Dans le corpus hippocratique datant de plus de 2500 ans, le « père de la médecine » a mentionné le lien étroit existant entre l’eau et les aliments consommés, l’air respiré, et le cadre de vie d’une part, et les maladies contractées d’autre part. La même vision est partagée au Moyen-Âge par Avicenne dans le « Canon de la médecine ». N’est-ce pas là le fondement du concept « une seule santé »   en vogue aujourd’hui ? Dans le même ordre d’idées, Pasteur, le « père de la bactériologie » a très vite fait d’insister sur le fait que le microbe n’est rien, mais le milieu est tout. Sa démarche, la même que celle de ses lointains devanciers, a été confirmée par un fait indéniable : l’impact de l’hygiène et de l’assainissement sur l’allongement de l’espérance de vie en Occident, bien avant l’effet attendu des antibiotiques.

« Le renforcement de capacités » relève d’une mise à niveau et de l’intégration de nouvelles connaissances ou aptitudes relevant d’une profession. Il répond au besoin de formation continue rendue indispensable par la rapide obsolescence des connaissances, notamment médicales, l’imprimé étant rapidement périmé. Cette formation continue qui relève en partie d’une auto-formation, est aujourd’hui rendue obligatoire dans la carrière du praticien. Il est à déplorer que le renforcement de capacités en Afrique sub-saharienne soit l’objet d’un détournement d’objectif, généré qu’il est par l’appât de perdiem, à travers des ateliers aux cibles, aux thèmes et au rythme loin d’être toujours pertinents. Les participants aux ateliers sont souvent cérébralement outillés du contenu dispensé, la faiblesse du système ne résidant ni dans le savoir, ni dans le savoir-faire des acteurs, mais souvent dans les attitudes nécessaires à la mise en œuvre efficiente des concepts. La répétition d’ateliers est donc souvent improductive, d’autant qu’elle se fait aux dépens du temps nécessaire à la mise en œuvre des compétences et recommandations supposées acquises lors des précédentes sessions. En outre, il n’est pas rare que l’atelier soit animé par un consultant déconnecté, aux compétences parfois comparables voire inférieures à celles de certains des participants à l’atelier !

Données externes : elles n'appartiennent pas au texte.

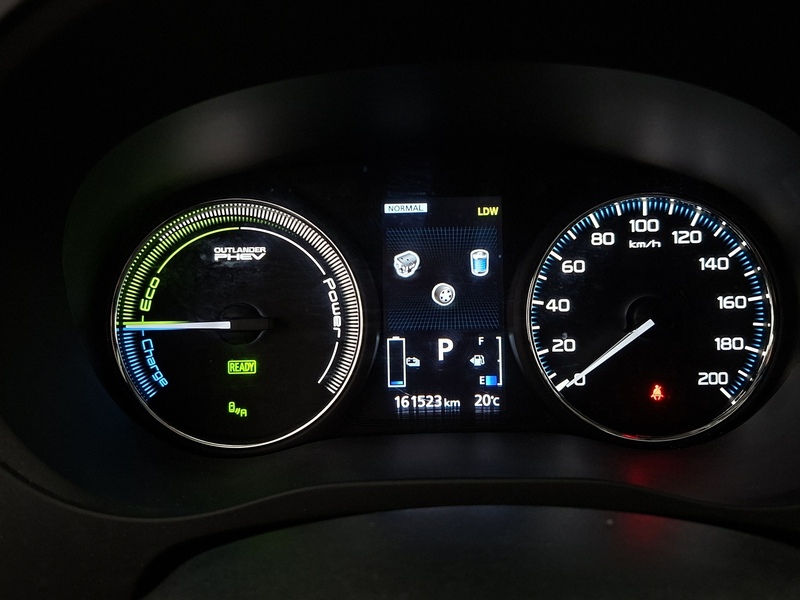 Mitsubishi Outlander PHEV vaihtoauto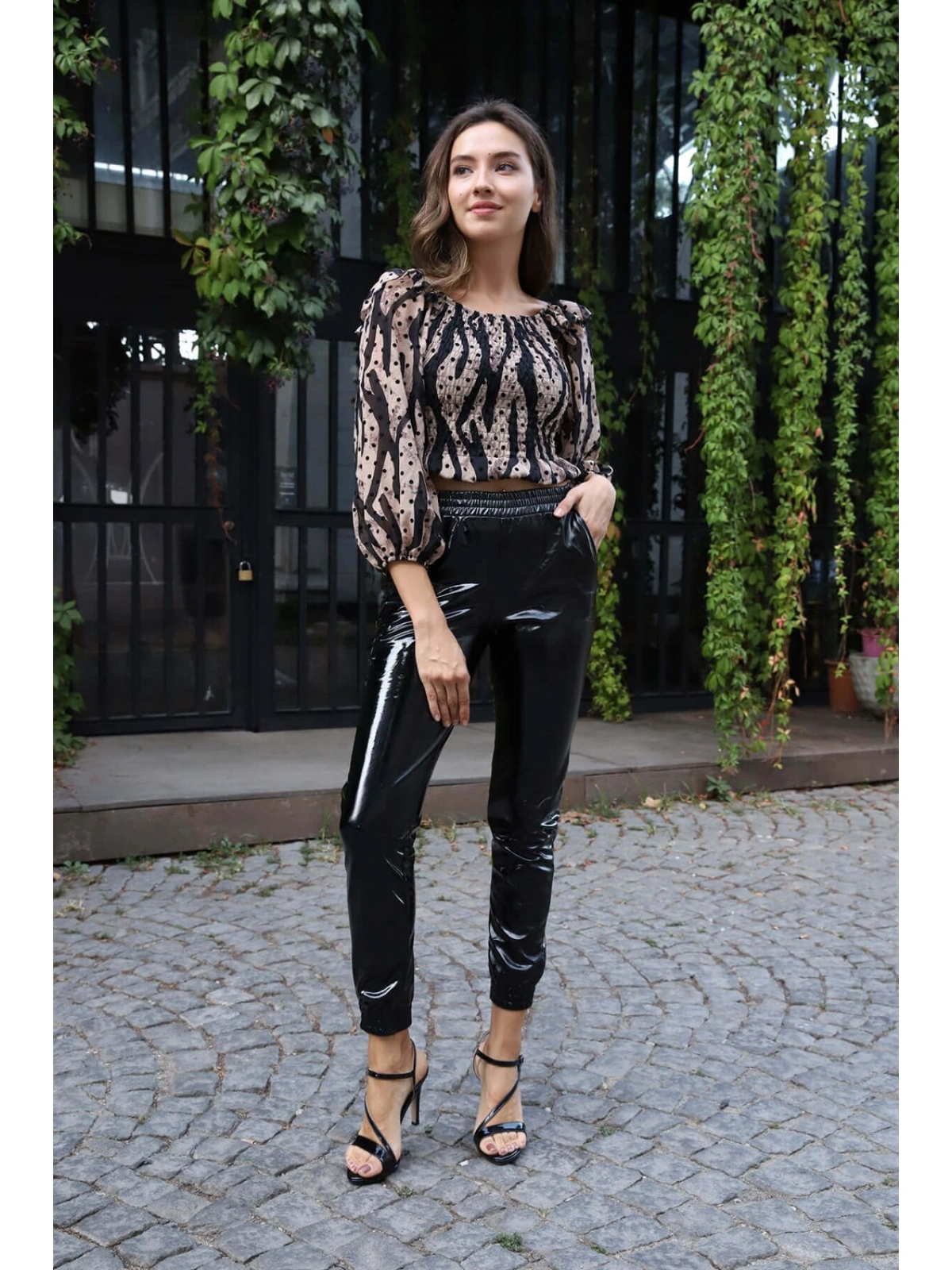 Madonna Yaka Crop Bluz - BEJ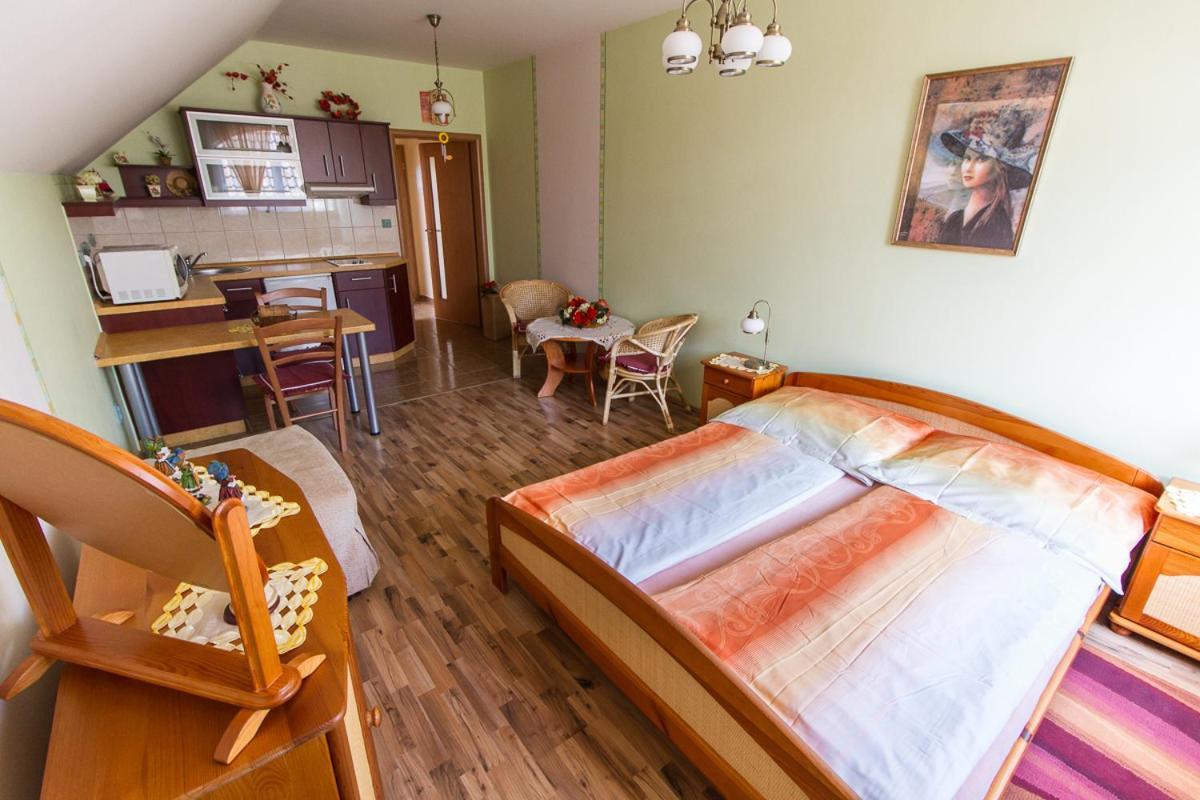 Penzion U Kaplicky Mala Hrastice Экстерьер фото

Le benchmark correspond à la revue de la littérature sur un sujet objet de recherche, notamment en médecine. Il correspond à l’état des lieux fait préalablement par le chercheur, afin de situer son sujet dans le temps et dans l’espace. Il s’en sert notamment dans l’élaboration du protocole et procède, au terme de l’étude et lors de la rédaction de l’article y afférent, à une comparaison avec les données issues de cette revue de la littérature. Il en dégage les aspects concordants et les aspects discordants, puis tente à chaque fois d’apporter des explications.

Ainsi, les discours se trouvent truffés d’expressions et de mots en lien avec des concepts rarement nouveaux, et dont la stéréotypie et la phraséologie sont alimentées par l’outil numérique permettant le copier-coller, aux antipodes de la créativité et de l’imagination. En même temps, ces expressions à la mode alimentent le langage d’experts et de consultants dont le profil répond souvent à cette pensée de Serge Bouchard : « Le savant le plus grand est celui qui connaît les limites de son savoir, c’est-à-dire l’infini de son ignorance. Voilà pourquoi vous voyez si peu de savants à la télévision, alors que cette dernière convient si bien aux experts ».